Work to complete:
Only the lines from the one containing "Naklejka premium Hot" through the end of the entries are to be copied, exactly and without pictures, please.

Records excerpted from a collection
········
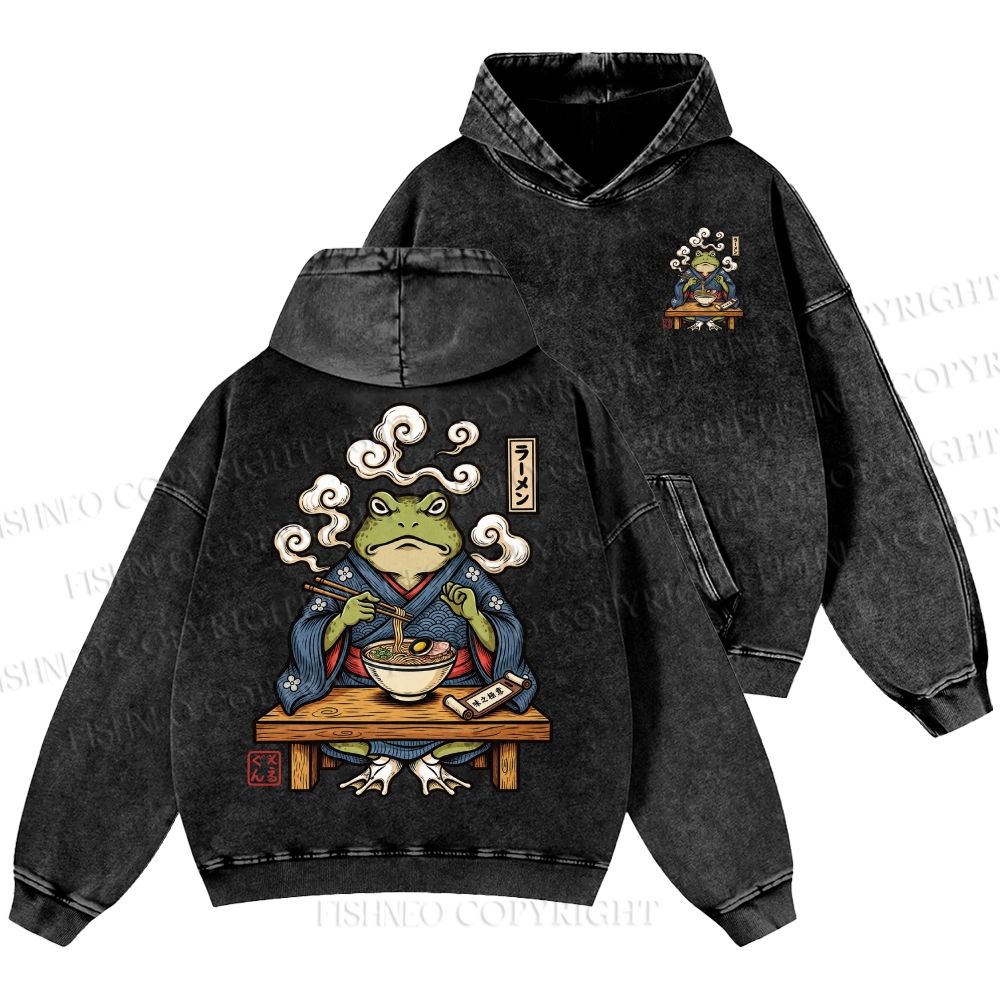 Unisex Casual Ramen Frog Printed Double-sided Washed Hoodie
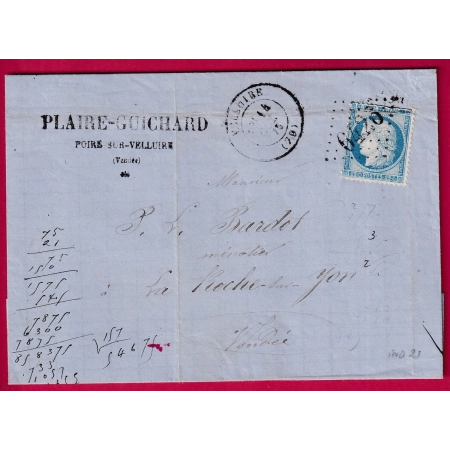 N°60 GC 6426 VELLUIRE VENDEE INDICE 21 POUR LA ROCHE SUR YON LETTRE COVER FRANCE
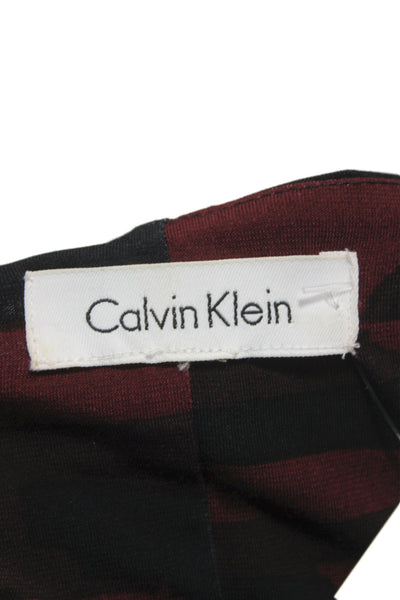 Calvin Klein Womens Sheath Black Knee Length 3/4 Sleeve Scoop Neck Dress Size M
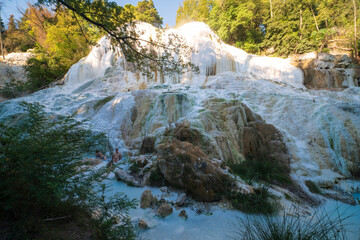 Naklejka premium Hot springs at Bagni San Filippo, town in the province of Siena, Italy 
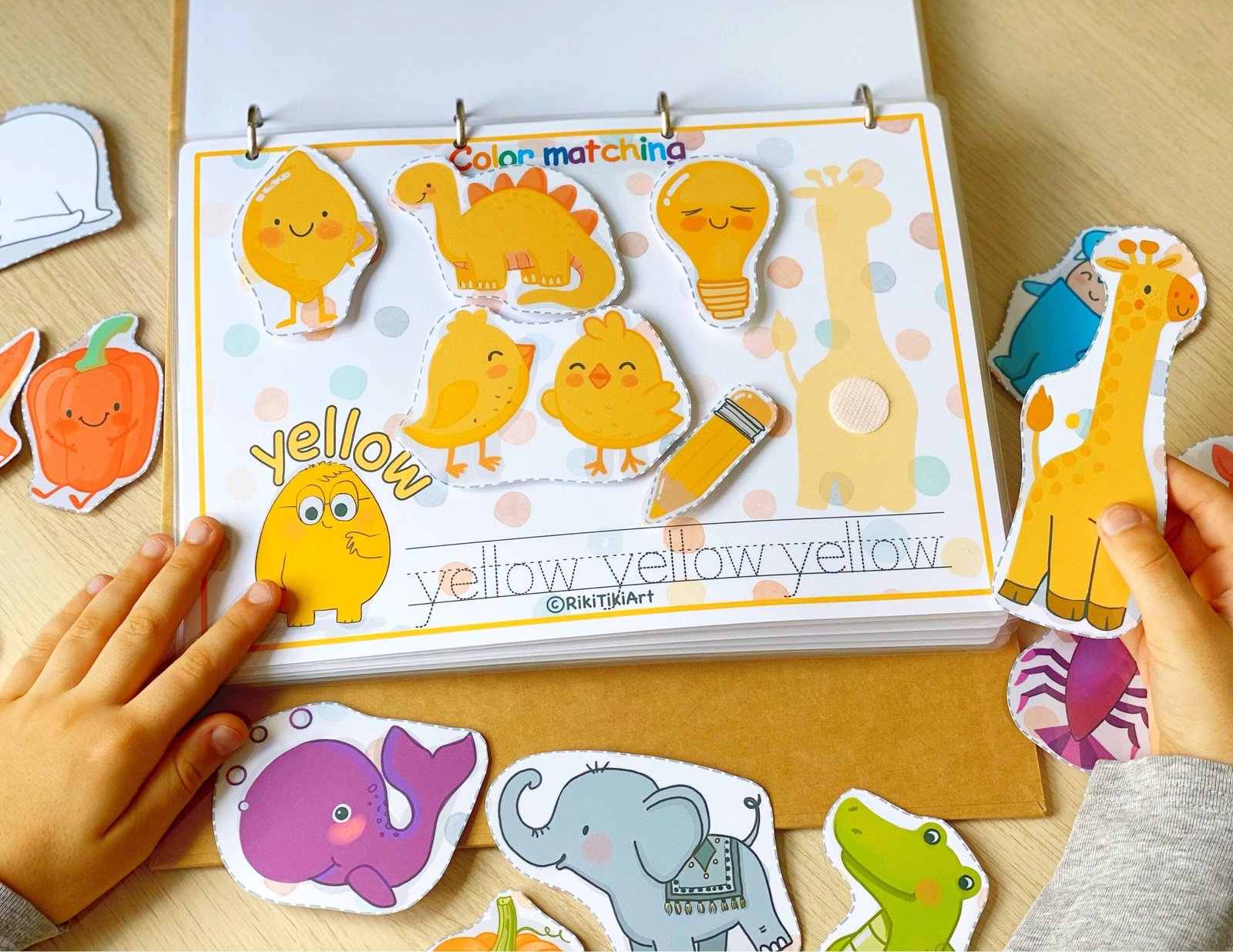 Color Sorting Activity Personalized Preschool Busy Book Printable Montessori Toddler Quiet Book Homeschool Learning Binder for Kids - Image 4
········
Exercise result:
 Naklejka premium Hot springs at Bagni San Filippo, town in the province of Siena, Italy 
 Color Sorting Activity Personalized Preschool Busy Book Printable Montessori Toddler Quiet Book Homeschool Learning Binder for Kids - Image 4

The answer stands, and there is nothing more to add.